Looking at the data of the 5,062 employers who have published their gender pay gap figures for the 2021-22 reporting year so far (by 3pm on 28 March 2022), over three-quarters (77%) of organisations pay their male employees more than their female employees. Only one in seven (13.4%) pay women more, and only one in 10 organisations (9.6%) reports having no pay gap. The average median hourly pay gap, which these calculations are based on, is 11.9%.
Those figures will change, of course, as the deadline for public-sector organisations to report and publish their gender pay gap figures is 31 March, while for private companies and charities it’s 5 April. Either way, the gender pay gap will be far from zero for most and it’ll be seven more months until the effects of inflation on men’s and women’s average hourly rates of pay will be reported on in detail by the ONS in its annual gender pay gap statistical bulletin.
Pay isn’t the only disparity
Further analysis of CIPHR’s pay rise survey results, based on a poll of 1,001 employees last month, suggests that pay isn’t the only gender disparity at work.
Aside from the significant difference in how men and women perceived their last pay rise (41% of men thought that it was fair, compared to just 32% of women), men also appear to have access to more flexible working options
When asked whether they had been offered a flexible working location by their employer, only a third (34%) of women said yes compared to over two-fifths (42%) of men.
Less than a third (29%) of the women surveyed work mostly from home, while over a third (37%) of men do. Conversely, nearly three-quarters (71%) of women work mostly onsite at their employer’s work premises, compared to around three in five (63%) men. This could be due to an individual’s personal preference, but also that many jobs can’t be done remotely.
According to the findings, women are, at least statistically, less likely than men to be offered any of the following by their employer: a four-day work week (offered to 13% of women and 23% of men); entitlement to set their own hours and working schedule (offered to 21% of women and 29% of men); entitlement to work remotely from abroad on a temporary or permanent basis (offered to 9% of women and 25% of men); and unlimited paid holidays (offered to 7% of women and 16% of men).
The only exception was flexible working hours, which was offered to 48% of men and women equally (although this should be available to all employees to request under flexible working rules).
It is perhaps unsurprising then that so few women – only one in four (25%) – agree with the statement that ‘employees and job seekers are in the driving seat when it comes to negotiating salaries, benefits and flexible working’, despite most (66%) employers thinking that they are.
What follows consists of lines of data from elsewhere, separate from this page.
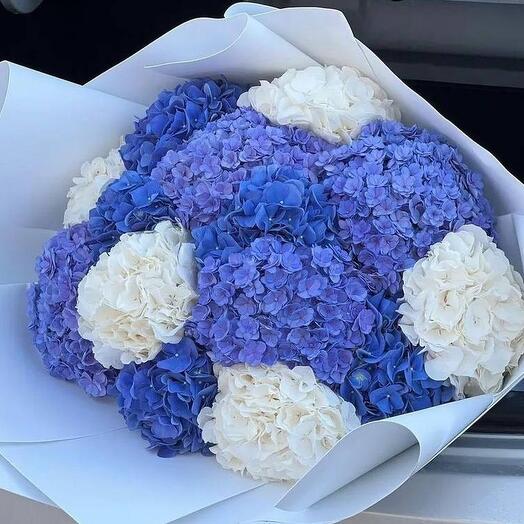 Bouquet of assorted hydrangeas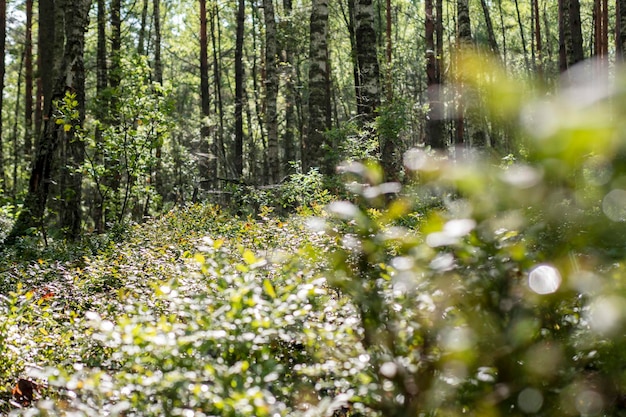 Foto bela floresta ensolarada caminhadas na floresta ar fresco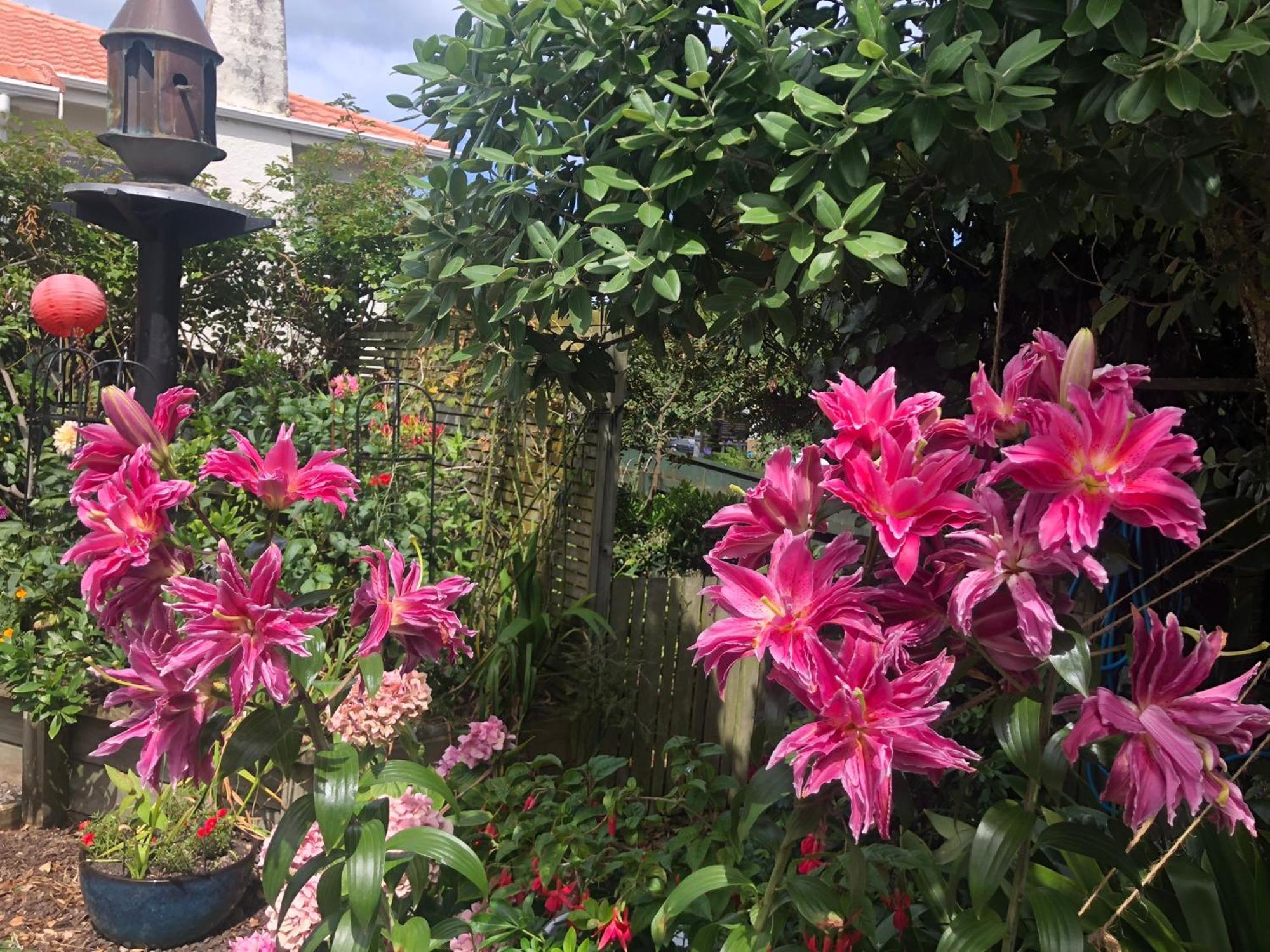 Top Floor Bed And Breakfast Paraparaumu Luaran gambar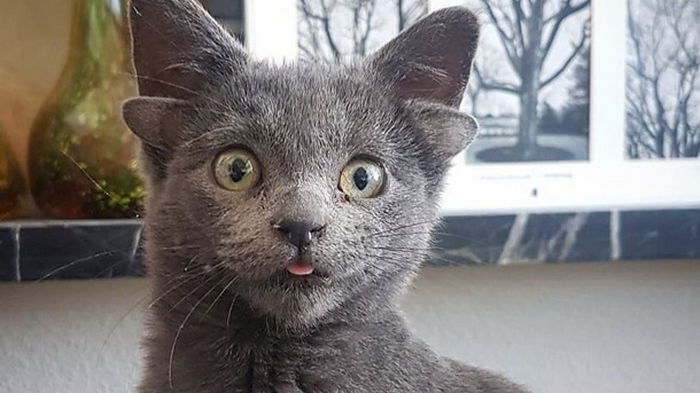 Котенок с четырьмя ушами нашел дом в Турции
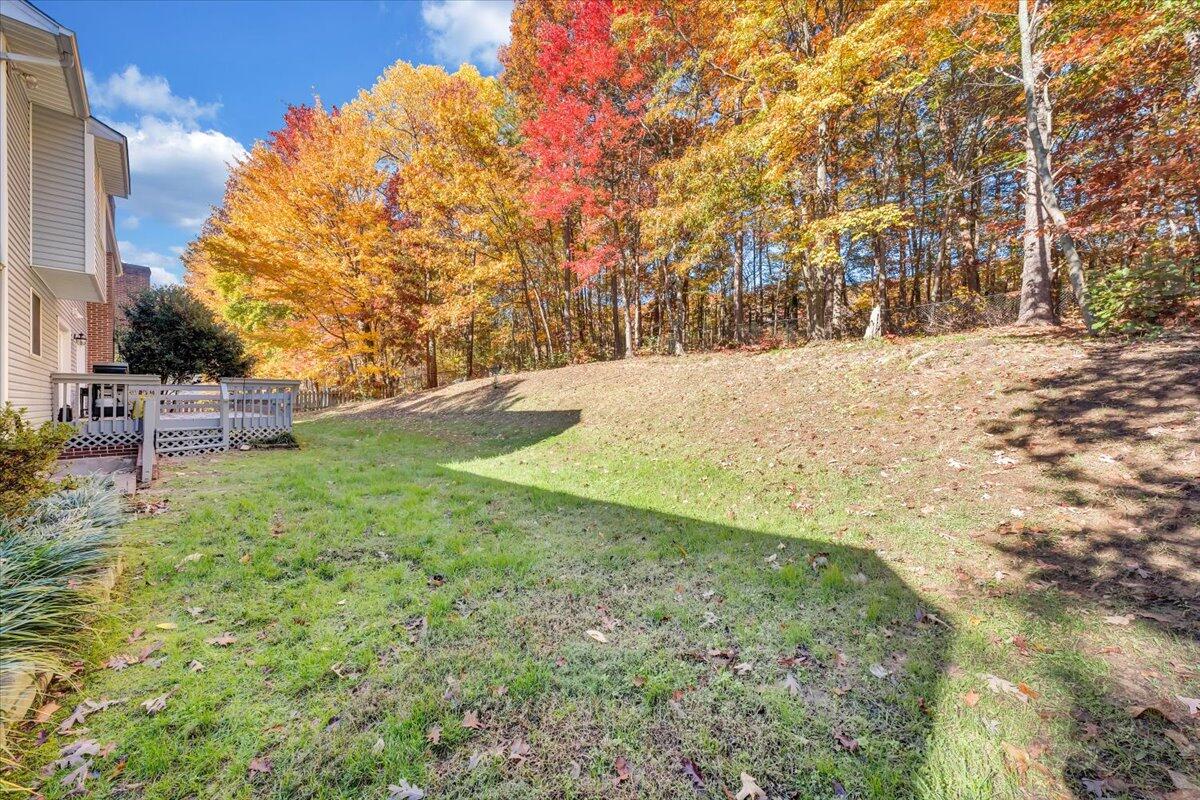 6128 Buckland Mill Road Roanoke, VA 24019 - Photo 9 of 37 a view of outdoor space yard and tree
Younger workers are the most likely to feel in control of their career, with 43% of men and 35% of women aged 18-24 years old agreeing that employees and job seekers are ‘in the driving seat’. As do over a third (35%) of men aged 35-54 years old. More experienced female workers are less inclined to agree, however, as just a quarter (25%) of women aged 35-54 years-old think that they are ‘in the driving seat’.
The least confident group in this regard are male workers aged over-55. Nearly nine in 10 (88%) of them think that it’s their employer who is firmly ‘in the driving seat’ at work.